The four components that make up the HPTN 096 intervention package are:
Health Equity: This community-level intervention will implement a nationally replicable community coalition model (Black Treatment Advocate’s Networks Plus [BTAN+]), enhanced for HPTN 096, to promote health equity for Black MSM through capacity-building for leadership and advocacy in achieving health equity, community mobilization and education, cross-sector cooperation, sensitization of local service providers to the needs of Black MSM, and facilitating the linkage of Black MSM to those service providers.
Social Media: In this community-level intervention, social media influencers (SMI) will provide tailored messaging, prioritizing Black MSM in intervention communities on HIV testing promotion, PrEP awareness and promotion, and the benefits of viral suppression.
Intersectional Stigma Reduction: This organizational-level intervention will take place in healthcare facilities and is designed to optimize the healthcare environment for Black MSM by addressing the intersectional experience of racism, sexual stigma, gender nonconformity stigma, and HIV-related stigma through training, collaborative quality improvement, and technical assistance.
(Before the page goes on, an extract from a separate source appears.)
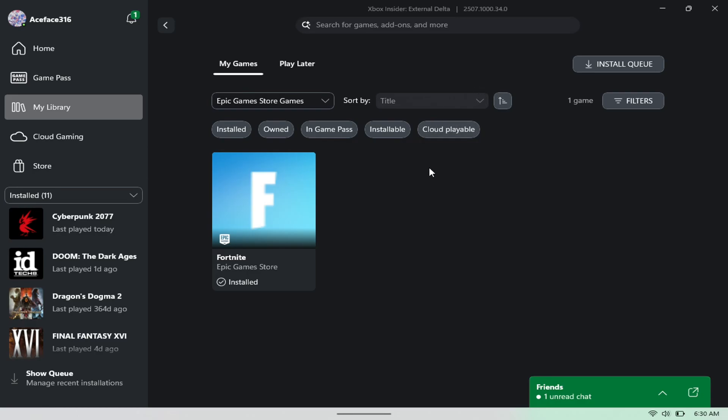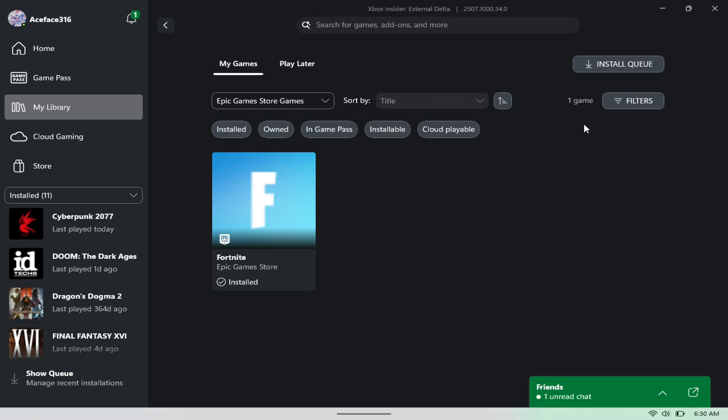But yeah fellas, just wanted to highlight it. Let us know what are your thoughts on this. Are you guys excited about this? Are you guys going to use this instead of Legion Space? Personally, this is something that I have to start testing more myself, but just thought I'd make a quick video and showcase what this one looks like running on the Lenovo Legion Go. All right fellas, appreciate you guys, hope this video was helpful. We'll catch you guys the next one. Till next time, peace out.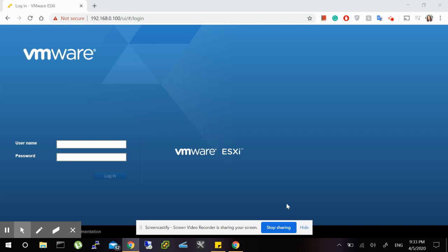Hello guys, this is Sanzeeb. Today I'm going to show you how to access VMware ESXi from the browser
Peer Support: In this interpersonal-level intervention, Black MSM will be trained as HIV peer support workers to provide emotional and practical support. Once trained, they will have demonstrated competencies in HIV testing and diagnoses, PrEP uptake, antiretroviral therapy adherence, intersectional stigma, utilization of local resources, the multi-cultural facets of the epidemic, and the provision of emotional support.
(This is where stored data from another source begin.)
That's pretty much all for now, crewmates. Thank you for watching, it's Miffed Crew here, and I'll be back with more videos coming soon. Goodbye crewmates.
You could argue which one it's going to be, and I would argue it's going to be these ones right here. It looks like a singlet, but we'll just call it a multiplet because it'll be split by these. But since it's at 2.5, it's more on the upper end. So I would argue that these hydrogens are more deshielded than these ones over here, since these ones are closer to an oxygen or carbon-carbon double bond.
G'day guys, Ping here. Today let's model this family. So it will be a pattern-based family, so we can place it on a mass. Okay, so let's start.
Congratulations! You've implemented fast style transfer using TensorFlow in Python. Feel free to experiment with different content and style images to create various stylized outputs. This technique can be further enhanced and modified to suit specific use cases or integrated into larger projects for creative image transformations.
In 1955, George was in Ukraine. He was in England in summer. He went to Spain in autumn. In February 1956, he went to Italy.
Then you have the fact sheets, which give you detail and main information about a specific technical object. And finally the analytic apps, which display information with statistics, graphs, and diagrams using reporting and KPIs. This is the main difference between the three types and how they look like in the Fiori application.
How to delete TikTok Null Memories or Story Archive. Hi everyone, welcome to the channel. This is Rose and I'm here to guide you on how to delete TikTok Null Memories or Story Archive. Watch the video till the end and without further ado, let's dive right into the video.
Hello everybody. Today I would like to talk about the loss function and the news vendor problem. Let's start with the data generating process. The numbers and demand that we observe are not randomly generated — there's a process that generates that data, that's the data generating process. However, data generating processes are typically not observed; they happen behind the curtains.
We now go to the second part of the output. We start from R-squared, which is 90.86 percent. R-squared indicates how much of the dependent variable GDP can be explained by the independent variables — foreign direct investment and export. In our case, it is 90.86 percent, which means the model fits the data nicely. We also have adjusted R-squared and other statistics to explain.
“We will be intervening at multiple levels, including in the community, in healthcare facilities, and with individuals to improve structural inequities, reduce community-level stigma and intersectional stigma in healthcare facilities, and to improve access to peer-based social support,” said Dr. Robert Remien, HPTN 096 co-chair and director of the HIV Center for Clinical and Behavioral Studies at the NY State Psychiatric Institute and Columbia University in New York. “Tackling the complex challenges at multiple levels can lead to improvements in health through better access to friendlier and more accommodating healthcare and ancillary services and can also improve feelings of well-being when interactions and exchanges are perceived as less judgmental and stigmatizing.”
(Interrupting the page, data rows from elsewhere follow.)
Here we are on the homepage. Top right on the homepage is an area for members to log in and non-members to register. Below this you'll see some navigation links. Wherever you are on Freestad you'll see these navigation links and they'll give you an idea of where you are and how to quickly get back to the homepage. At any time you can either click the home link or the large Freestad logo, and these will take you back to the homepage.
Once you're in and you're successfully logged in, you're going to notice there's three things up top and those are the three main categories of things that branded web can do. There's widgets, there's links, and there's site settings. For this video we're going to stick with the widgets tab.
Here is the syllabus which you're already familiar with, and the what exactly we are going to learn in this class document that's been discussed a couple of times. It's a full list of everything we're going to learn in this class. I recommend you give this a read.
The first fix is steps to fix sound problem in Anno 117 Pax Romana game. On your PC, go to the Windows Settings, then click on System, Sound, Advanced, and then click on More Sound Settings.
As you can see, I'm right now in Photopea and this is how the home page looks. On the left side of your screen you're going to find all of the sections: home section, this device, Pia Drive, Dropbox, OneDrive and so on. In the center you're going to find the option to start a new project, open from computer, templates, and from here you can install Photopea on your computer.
A study randomization event was held on September 15, 2021, to determine what sites will be part of the intervention arm and the standard-of-care arm. The pilot will start in four study communities—two serving as the standard of care arm and two receiving the intervention—and run through December 2022. The pilot will test the complex elements of the study and identify any areas needing adjustment. Subsequently, HPTN 096 will scale up to 12 additional communities throughout the South in 2023. The full study will be implemented over a three-year period, with evaluation outcomes on PrEP use and viral suppression rates among Black MSM.